GIVEN MATERIAL =>
◇ ◇ ◇ ◇ ◇
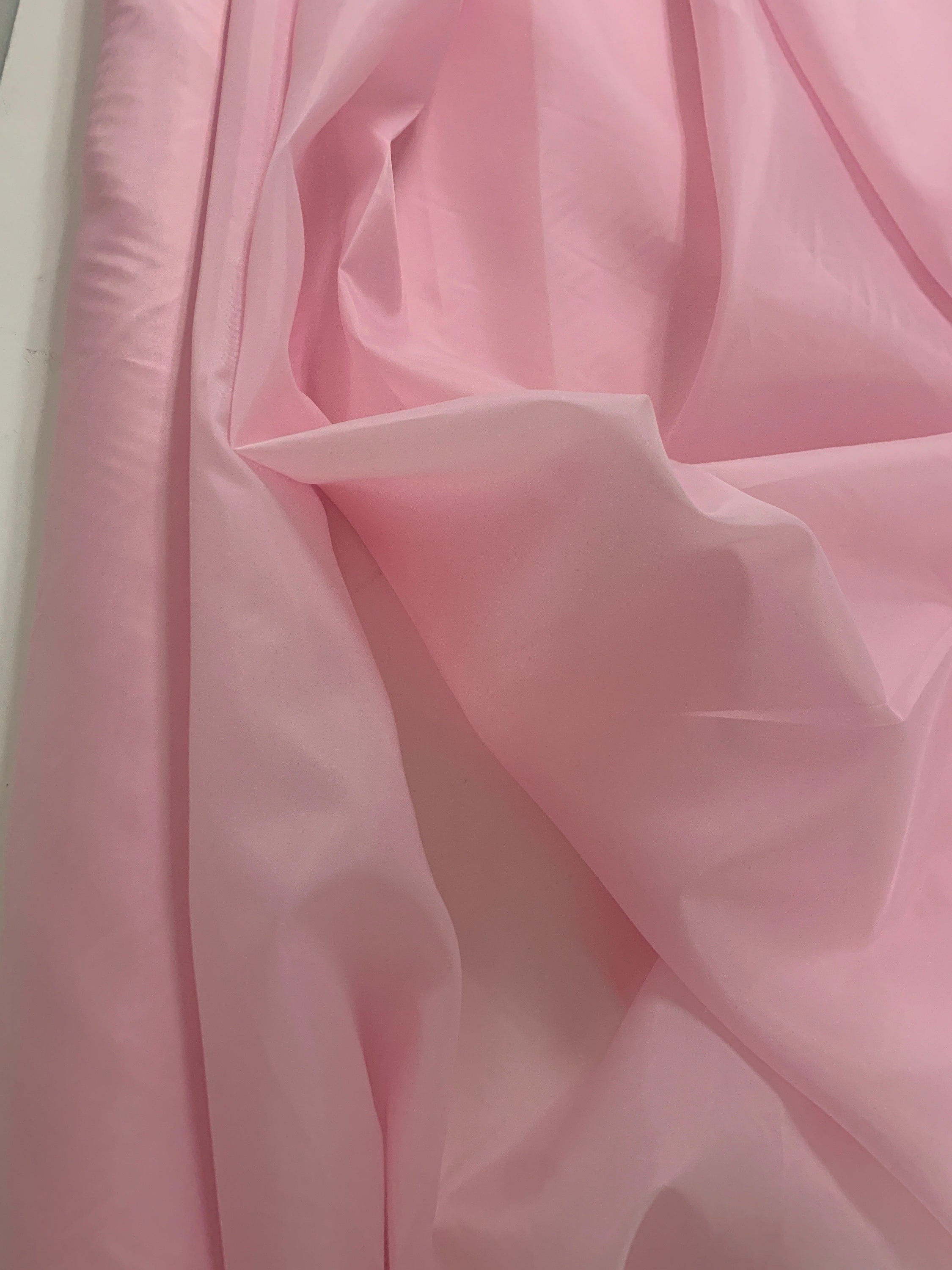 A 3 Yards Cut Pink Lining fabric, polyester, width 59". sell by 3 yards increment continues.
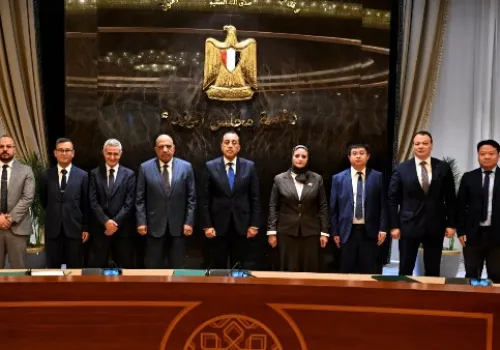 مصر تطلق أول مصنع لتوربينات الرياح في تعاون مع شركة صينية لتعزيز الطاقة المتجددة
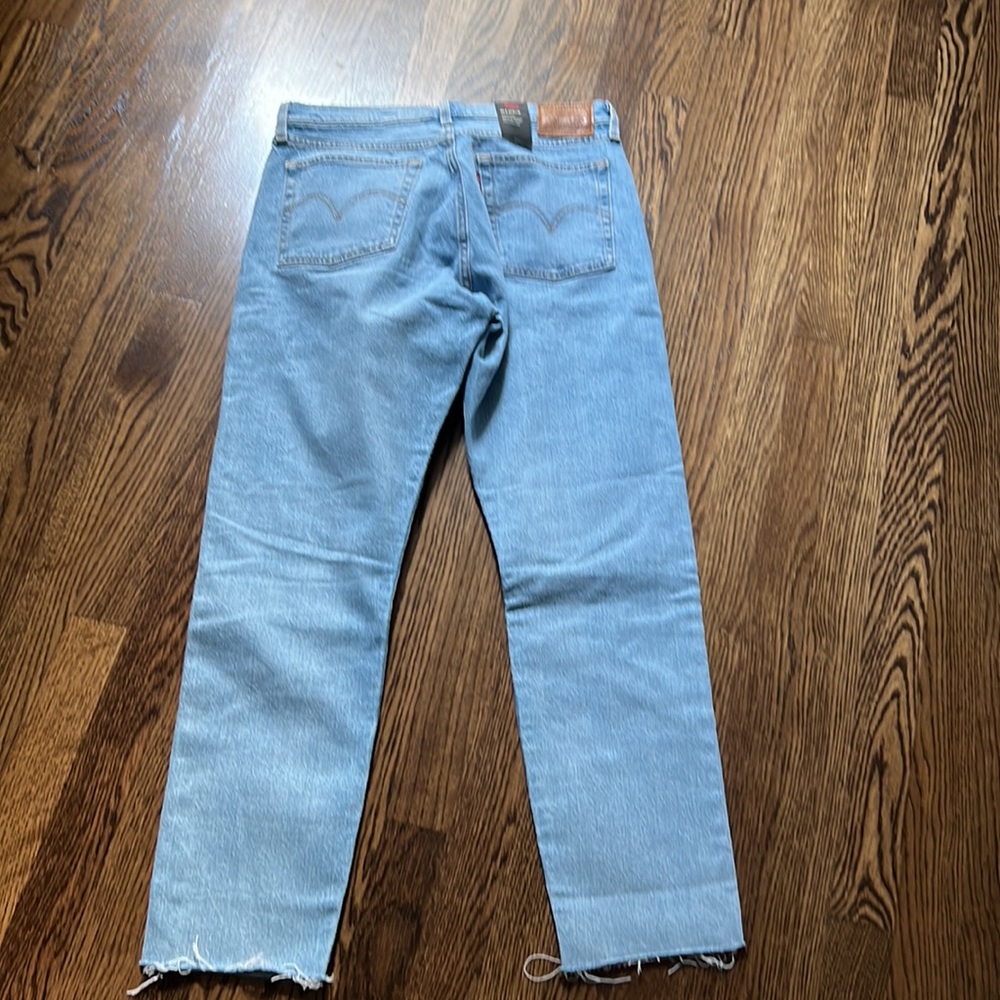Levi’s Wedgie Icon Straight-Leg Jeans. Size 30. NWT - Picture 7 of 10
◇ ◇ ◇ ◇ ◇
ABOUT THIS TASK =>
Reproduce the material word for word, but without its images.

ANSWER FOR THE TASK =>
 A 3 Yards Cut Pink Lining fabric, polyester, width 59". sell by 3 yards increment continues.
 مصر تطلق أول مصنع لتوربينات الرياح في تعاون مع شركة صينية لتعزيز الطاقة المتجددة
Levi’s Wedgie Icon Straight-Leg Jeans. Size 30. NWT - Picture 7 of 10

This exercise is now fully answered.